私も、スウィッチが入って暴れ狂う近親者を一度ならず相手したことがあるが、ある時は持っていたアイスピックで刺してやろうかと衝動に駆られたことがある。怖ろしい話に聞こえるが、彼岸を渡った者の相手をするには、こちらもまた夜叉にならざるを得ないほど壮絶な感情のうねりを経験することになる。

 

不出来な2人の弟たちにも憎しみを感じた。毎朝、ルートヴィヒはかっきり60粒のコーヒー豆を数えて、コーヒーミルの中に放り込む。それをガリガリ挽きながら、彼は歯軋りした。コーヒーを挽く音と歯軋り、そして長らく続く耐え難いほどの耳鳴りが狭苦しい部屋で不協和音を奏で続けた。

 

耳の不調はやがて難聴へと悪化し、ついには音の無い絶望の世界へとルートヴィヒを突き落とした。それに加えて、慢性肝炎、黄疸、大腸炎、皮膚病、リウマチ熱が絶えず襲いかかった。

 

彼は無音の底にあって、次第に死を願うようになった。
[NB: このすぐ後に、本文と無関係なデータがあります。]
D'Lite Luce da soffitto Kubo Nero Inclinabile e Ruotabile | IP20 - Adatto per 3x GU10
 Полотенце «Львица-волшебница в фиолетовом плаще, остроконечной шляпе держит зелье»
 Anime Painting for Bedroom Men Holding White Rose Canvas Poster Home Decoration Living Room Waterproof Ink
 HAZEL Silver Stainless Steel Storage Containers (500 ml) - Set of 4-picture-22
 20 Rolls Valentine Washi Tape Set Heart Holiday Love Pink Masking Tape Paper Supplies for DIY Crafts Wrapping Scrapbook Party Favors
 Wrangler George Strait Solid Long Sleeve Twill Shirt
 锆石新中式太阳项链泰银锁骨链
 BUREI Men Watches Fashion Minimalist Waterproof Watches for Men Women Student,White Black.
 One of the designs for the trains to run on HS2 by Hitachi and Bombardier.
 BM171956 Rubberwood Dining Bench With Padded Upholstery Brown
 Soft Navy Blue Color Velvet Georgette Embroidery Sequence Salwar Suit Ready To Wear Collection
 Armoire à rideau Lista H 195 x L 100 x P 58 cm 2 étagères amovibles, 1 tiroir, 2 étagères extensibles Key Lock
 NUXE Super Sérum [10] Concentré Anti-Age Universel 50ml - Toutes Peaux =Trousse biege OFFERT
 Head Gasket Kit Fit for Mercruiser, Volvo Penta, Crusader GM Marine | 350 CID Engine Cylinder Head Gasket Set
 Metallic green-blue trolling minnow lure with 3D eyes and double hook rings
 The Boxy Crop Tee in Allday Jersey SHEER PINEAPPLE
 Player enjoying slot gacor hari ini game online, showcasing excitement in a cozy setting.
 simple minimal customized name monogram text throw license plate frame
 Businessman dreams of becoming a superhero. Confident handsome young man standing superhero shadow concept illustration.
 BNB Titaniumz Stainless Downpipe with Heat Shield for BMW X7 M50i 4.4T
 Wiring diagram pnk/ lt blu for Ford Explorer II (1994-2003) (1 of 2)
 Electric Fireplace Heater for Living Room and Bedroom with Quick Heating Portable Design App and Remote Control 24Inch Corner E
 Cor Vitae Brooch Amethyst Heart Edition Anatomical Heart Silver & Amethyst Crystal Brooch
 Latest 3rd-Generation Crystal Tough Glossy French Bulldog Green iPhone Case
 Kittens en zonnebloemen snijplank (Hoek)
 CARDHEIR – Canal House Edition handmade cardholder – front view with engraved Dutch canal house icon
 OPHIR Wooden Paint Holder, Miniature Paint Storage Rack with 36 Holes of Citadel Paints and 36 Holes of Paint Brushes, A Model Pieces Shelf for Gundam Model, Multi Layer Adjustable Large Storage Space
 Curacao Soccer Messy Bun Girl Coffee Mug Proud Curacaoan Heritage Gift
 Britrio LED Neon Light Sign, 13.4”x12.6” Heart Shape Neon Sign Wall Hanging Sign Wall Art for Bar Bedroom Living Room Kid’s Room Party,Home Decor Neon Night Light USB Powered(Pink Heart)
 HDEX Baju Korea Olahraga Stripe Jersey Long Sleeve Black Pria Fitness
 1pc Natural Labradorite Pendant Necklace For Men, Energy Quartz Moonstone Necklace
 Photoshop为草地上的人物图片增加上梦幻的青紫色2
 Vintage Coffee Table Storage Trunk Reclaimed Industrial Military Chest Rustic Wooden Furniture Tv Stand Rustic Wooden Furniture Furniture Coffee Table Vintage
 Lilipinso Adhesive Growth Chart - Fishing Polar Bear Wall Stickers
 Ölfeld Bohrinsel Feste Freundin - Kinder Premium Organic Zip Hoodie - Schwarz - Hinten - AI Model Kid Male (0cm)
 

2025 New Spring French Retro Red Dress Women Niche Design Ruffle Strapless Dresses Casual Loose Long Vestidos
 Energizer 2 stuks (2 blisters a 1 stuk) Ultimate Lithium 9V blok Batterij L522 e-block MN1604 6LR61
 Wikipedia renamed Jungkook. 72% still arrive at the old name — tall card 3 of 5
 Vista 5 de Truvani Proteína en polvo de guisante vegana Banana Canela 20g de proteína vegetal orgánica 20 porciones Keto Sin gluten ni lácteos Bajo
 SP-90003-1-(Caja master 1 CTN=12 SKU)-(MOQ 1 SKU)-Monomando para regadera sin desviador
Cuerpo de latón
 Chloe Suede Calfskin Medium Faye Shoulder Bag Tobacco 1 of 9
「音楽家」から音を引くと「楽家(楽しい家」が残るかと言えば、全くそんなことはなく、むしろ逆であった。幸い、父はもう死んでくれていたが、不出来な弟はのうのうと生きていて、ルートヴィヒを悩ませ続けた。

 

幸せな家庭への羨望。

 

ただただ平凡で健全な家族が欲しかっただけなのだ。そして、聴力。殆どの者たちが持っているこの2つを何故自分は与えられなかったのか。

 

自ら命を絶つ決意をしたルートヴィヒは1802年、遺書を認める。

 

ハイリゲンシュタットの遺書。

 

胆汁が上がってくるのを飲み込みながら、ルートヴィヒはペンを走らせつつ思わず慟哭した。自分の慟哭の声さえ聴こえないことに更に絶望した。

 

… これはベートーヴェンがまだ、交響曲第5番「運命」や、クロイツェルソナタ、熱情ソナタ、ピアノ協奏曲第5番「皇帝」を書く前の話である。一度死にかけた男は、その苦悩、恨み辛みを爆発的な芸術の力に昇華させ、おそらく彼を超える音楽家はこの先も存在するまいという唯一無二の楽聖となった。

 

1827年3月26日永眠。満56歳。